# how do i make an incubator



## luffy3001 (Sep 1, 2010)

hello i want to hand feed my baby cockatiels i know how to except how do i set up an incubator im going to pull the chicks out at day 5 just before they open there eyes im planning on using a 10 gallon fish tank when showing me how to setup the incubator can u tell me what i will need and if i could h=get it from petco or something and please be specific 
thank u


----------



## tielfan (Aug 31, 2008)

I have no experience, but if you google for "make bird incubator" without the quotes, you'll get lots of websites and youtube videos with instructions. When you find one that you like, post the link here so the experienced people can look at it and tell you whether it looks safe and effective.


----------



## luffy3001 (Sep 1, 2010)

is this a good vid http://www.youtube.com/watch?v=WQ1tyfvenqQ


----------



## Debbie05 (Feb 9, 2010)

I sent you a link on your other thread. It's right above these threads. 

http://talkcockatiels.com/showthread.php?t=6140


----------



## Mentha (Jul 11, 2010)

First off I would also wait until the birds are at least 2 weeks old unless you want to be feeding every two hours around the clock. You'd also have better luck looking "make a brooder" as this is what you want. An incubator is for eggs, since you have chicks already you want a brooder.I'll tell you how I did it. 
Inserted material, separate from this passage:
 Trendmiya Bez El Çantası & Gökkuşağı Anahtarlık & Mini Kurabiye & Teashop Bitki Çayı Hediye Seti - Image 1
First I got a piece of styrofoam, you can get these at the grocery store when they put out berries in the produce department, just ask them if you can have one of their Styrofoam berry boxes. I then bought two heating pads, about $15-20 each, make sure you get the kind without the automatic shut off and some electrical tape. Take one of the heating pads out of it's felt cover and place it on the side of your 10 gallon aquarium, cut the styrofoam to a little larger than your heating pad then tape the styrofoam to the back of your aquarium over the heating pad. You'll also need an aquarium mesh top, I got mine at walmart for about $5. Put about 2 inches of pine shavings in the bottom of your aquarium then a layer of paper towels over that. Heat up the heating pad and place the mesh top on top with the other heating pad on top of that. I then took a remnant of fleece and put that on top of the heating pad.
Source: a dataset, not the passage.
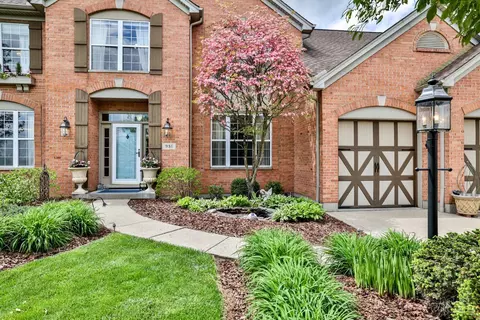 Exterior - 981 Arborrun Dr, Cincinnati, OH 45233 photo 5 of 16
However if you have a little extra money this is what I'd suggest. With the cost of all the supplies needed to make a brooder it would be just about the same price to get this. 
http://www.avitec.com/Aquarium-Brooder-Tops-p/avq.htm


----------



## tielfan (Aug 31, 2008)

The longer you wait to pull the chicks, the less need you will have for a heated brooder. At http://www.cockatielcottage.net/breeding2.html the recommended temperatures are 80°-85°F for chicks with pin feathers, 75°-80°F for fully feathered chicks and 68°-75°F for fully weaned chicks. That's basically room temperature for the older chicks.
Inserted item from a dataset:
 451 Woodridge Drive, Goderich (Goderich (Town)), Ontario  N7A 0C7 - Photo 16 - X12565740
I leave my chicks with the parents until they're weaned. The parents stop brooding the chicks when the oldest one is about a week old and the babies keep each other warm after that. I live in a hot place and use the air conditioner to cool the room down to about 80 degrees and the babies look comfortable. A brooder tank might not retain heat as well as a nestbox so you might need some supplemental heating. 

There isn't any additional benefit to pulling the chicks before they're two to three weeks old - it won't make them any tamer. But if you pull them early there is additional risk of problems related to handfeeding like sour crop. You and the babies will be better off if you wait until they reach the normal handfeeding age. Sometimes people are forced to pull the chicks early because the parents aren't taking proper care of them. But if your parent birds are doing a good job it's best to wait until the babies are the appropriate age.


----------